请确保你已经配置好了hadoop,如果没有,点这里。
1.准备数据:
向一个txt文件中写入一段英文,并将其命名为a.txt,它的内容为:
There are moments in life when you miss someone so much that you just want to pick them from your dreams and hug them for real!
Dream what you want to dream;go where you want to go;be what you want to be,because you have only one life and one chance to do all the things you want to do.
2.启动Hadoop,在HDFS中新建文件夹:
start-all
hadoop fs -mkdir /input_dir
3.上传a.txt到该文件夹,并查看文件是否上传成功:
hadoop fs -put D:/Program_Hadoop/wordcount/a.txt /input_dir
hadoop fs -ls /input_dir/
也可以查看文件内容(倒数四行就是该a.txt的内容,前两句只不过提醒你不要用这种脚本执行hdfs命令)

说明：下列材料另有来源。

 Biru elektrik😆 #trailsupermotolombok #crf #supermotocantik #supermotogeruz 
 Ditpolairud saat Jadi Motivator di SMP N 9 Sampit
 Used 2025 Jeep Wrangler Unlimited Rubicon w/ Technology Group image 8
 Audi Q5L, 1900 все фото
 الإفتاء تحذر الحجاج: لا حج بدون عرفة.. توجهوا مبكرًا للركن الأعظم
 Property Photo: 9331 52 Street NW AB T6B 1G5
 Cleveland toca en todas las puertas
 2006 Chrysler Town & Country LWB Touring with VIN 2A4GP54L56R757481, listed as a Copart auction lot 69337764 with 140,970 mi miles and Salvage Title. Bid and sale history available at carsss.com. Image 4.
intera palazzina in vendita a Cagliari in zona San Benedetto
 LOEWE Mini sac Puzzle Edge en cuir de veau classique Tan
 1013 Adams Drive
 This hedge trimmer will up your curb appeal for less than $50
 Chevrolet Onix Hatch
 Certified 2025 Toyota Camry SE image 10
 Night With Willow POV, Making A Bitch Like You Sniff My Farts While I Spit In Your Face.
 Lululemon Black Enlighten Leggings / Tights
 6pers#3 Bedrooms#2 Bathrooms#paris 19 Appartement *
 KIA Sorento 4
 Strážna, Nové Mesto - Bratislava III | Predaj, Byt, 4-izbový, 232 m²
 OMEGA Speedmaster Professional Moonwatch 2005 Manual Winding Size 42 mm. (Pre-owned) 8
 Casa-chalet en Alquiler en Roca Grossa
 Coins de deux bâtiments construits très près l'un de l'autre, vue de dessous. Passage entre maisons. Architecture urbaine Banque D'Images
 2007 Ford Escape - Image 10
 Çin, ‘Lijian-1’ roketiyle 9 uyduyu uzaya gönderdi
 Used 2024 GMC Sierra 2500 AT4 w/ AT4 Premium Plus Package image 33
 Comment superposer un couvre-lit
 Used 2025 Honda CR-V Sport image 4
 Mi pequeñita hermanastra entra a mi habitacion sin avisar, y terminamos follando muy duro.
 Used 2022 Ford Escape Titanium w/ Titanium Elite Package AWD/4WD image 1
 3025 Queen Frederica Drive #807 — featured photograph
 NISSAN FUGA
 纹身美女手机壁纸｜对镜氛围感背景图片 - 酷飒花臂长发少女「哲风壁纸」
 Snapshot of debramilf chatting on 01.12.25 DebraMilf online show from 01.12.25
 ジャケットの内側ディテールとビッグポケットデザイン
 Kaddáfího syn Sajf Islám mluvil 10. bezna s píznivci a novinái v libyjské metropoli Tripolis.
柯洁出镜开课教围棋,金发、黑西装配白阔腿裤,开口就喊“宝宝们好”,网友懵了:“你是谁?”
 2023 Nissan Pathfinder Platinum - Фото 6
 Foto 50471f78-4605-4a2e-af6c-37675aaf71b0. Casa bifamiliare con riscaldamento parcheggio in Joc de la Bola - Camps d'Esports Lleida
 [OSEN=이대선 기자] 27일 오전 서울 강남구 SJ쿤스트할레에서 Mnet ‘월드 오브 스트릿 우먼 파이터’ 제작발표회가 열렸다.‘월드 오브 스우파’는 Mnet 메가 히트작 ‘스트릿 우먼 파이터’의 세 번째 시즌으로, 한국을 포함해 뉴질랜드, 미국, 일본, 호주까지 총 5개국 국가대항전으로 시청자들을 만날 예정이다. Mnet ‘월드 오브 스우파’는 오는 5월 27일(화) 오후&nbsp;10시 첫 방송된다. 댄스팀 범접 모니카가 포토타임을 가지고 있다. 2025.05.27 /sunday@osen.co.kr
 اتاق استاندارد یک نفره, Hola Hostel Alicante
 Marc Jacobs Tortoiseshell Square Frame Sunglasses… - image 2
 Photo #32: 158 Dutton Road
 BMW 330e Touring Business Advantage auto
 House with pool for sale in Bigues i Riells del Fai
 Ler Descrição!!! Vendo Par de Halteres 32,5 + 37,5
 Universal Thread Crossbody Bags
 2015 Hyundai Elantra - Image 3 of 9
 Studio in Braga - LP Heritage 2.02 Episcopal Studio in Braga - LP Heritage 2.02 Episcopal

hadoop dfs -cat /input_dir/a.txt
4.运行程序统计word出现的次数:
hadoop jar D:/Program_Hadoop/hadoop-2.10.1/share/hadoop/mapreduce/hadoop-mapreduce-examples-2.10.1.jar wordcount /input_dir /output_dir
5.查看运行结果:
hadoop dfs -cat /output_dir/*
至此,统计已经结束了哦!
6.最后,关闭hadoop:
stop-all
关闭cmd。
三、总结与思考
额,我这边有一个疑问,就是如上面的输出结果所示,be,because为什么被合在一起算成1了。它的机制是以特殊字符做连接符吗?或许是这样,或许不是这样,谁知道呢?